Höher und weiter wollen viele. Abenteuer in der Tiefe suchen schon weniger. Kein Wunder: Ungemütlich und stockfinster ist es. Wenn man es überhaupt überlebt – wie Jaques Piccard. Autor: Simon Demmelhuber
Das Herz Afrikas, die Wälder Amazoniens, das Dach der Welt, die Steppen Asiens! Alles längst besucht, beschrieben, abgehakt. Mitte des 20. Jahrhunderts sind die Meere und Küsten vermessen, die Urwälder und Wüsten erforscht, die Pole bezwungen. Nur ein weißer Fleck bleibt: Die Tiefsee, die wildeste, zähste Bastion des Unbekannten. Kein Ort der Erde ist fremder, keiner unzugänglicher.
Das Haupthindernis ist der Wasserdruck. Schon in 500 Metern Tiefe lasten 500 Tonnen auf einem Quadratmeter, jeder Kilometer packt 1000 Tonnen dazu. Nichts hält diesen malmenden Kräften stand. Aber damit gibt sich der Schweizer Physiker Auguste Piccard nicht zufrieden. Fast im Alleingang konstruiert er mit seinem Sohn Jacques ein Tauchboot, das selbst die tiefsten Stellen der Meere erreichbar macht.

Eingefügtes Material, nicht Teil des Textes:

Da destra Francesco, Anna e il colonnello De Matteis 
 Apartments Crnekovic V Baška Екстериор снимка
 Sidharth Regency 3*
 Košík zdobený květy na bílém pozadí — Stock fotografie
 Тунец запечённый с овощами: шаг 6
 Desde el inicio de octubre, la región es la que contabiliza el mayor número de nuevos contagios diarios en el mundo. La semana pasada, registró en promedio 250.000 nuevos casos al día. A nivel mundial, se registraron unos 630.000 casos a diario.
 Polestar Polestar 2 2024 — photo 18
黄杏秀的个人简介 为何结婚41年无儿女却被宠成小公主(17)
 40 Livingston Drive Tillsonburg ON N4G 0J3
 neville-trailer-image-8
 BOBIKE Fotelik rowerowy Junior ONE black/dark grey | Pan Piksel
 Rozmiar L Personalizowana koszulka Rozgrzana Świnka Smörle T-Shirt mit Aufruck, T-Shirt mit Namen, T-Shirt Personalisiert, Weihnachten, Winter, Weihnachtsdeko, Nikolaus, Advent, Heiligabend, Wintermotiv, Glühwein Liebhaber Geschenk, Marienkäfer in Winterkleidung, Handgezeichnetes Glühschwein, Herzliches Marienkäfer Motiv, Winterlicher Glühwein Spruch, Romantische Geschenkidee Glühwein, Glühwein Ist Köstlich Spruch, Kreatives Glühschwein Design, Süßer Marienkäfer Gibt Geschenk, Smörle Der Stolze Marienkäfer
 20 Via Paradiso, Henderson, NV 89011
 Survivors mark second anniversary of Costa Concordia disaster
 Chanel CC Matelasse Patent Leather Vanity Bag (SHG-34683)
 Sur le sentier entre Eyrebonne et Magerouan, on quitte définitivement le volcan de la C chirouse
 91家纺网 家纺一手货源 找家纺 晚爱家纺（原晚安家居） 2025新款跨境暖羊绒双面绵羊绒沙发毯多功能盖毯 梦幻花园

Zumindest theoretisch. Der Praxisbeweis steht noch aus.
Erstmal abtauchen
Am 23. Januar 1960 ist die Trieste bereit, ihn anzutreten. Ihr Ziel ist die Senke des Challengertiefs im westpazifischen Marianengraben. Weiter hinab als hier geht es nirgendwo. Punkt 8 Uhr 23 zwängen sich Jacques Piccard und der Marineleutnant Don Walsh in die Gondel des Tauchboots. Meerwasser gurgelt in die Ballasttanks, 120 Tonnen Eisen sacken abwärts, immer tiefer, immer schneller. Schon nach wenigen Minuten löscht dicke Finsternis alle Farben vor dem handtellergroßen Bullauge. Nur im Scheinwerferlicht wirbelt Plankton wie dichtes Schneegestöber, vereinzelt schimmern Quallen in pechschwarzer Verlorenheit. Stundenlang sinkt die Trieste, während die Piloten beobachten und Aufzeichnungen machen. Viel Platz haben sie nicht. Die zwei Meter durchmessende Kabine ist mit Messgeräten, Akkus, Kabeln und Sauerstoffflaschen vollgestopft und so geräumig wie eine Telefonzelle. In diesem Eisenkäfig kauern Piccard und Walsh schlotternd Knie an Knie, massieren ihre taub gewordenen Arme und Beine.
Tief, tiefer
Dann, um 12 Uhr 6, ein greller Knall, ein heftiger Ruck. Das fiese Krachen scheucht dunkle Ängste auf: Hat die Trieste den Grabenrand gestreift, ist eine Schweißnaht geplatzt, die Hülle gerissen? Ruhig bleiben! Nur nicht ans Ersticken, Ersaufen, Zerquetschtwerden denken! Jeden Millimeter absuchen, alles prüfen! Sie finden nichts, hören nur das Zischen der Pressluft und ein Knistern, als würde Badeschaum trocknen. "Weiter", entscheidet Piccard. Walsh nickt. Ab 10.000 Meter saugen sich vier Augen am Tiefenmesser fest, zählen jeden Meter mit. Endlich kommt der Boden in Sicht. Die Scheinwerfer schälen eine elfenbeinfahle, mondkarge Öde aus der ewigen Nacht. Um 13 Uhr 6 setzt die Trieste weich auf, der Tiefenmesser zeigt 10.916 Meter. Auf das Boot und seine zerbrechliche Fracht drücken jetzt 170.000 Tonnen mit dem Gewicht von 425 Jumbo-Jets.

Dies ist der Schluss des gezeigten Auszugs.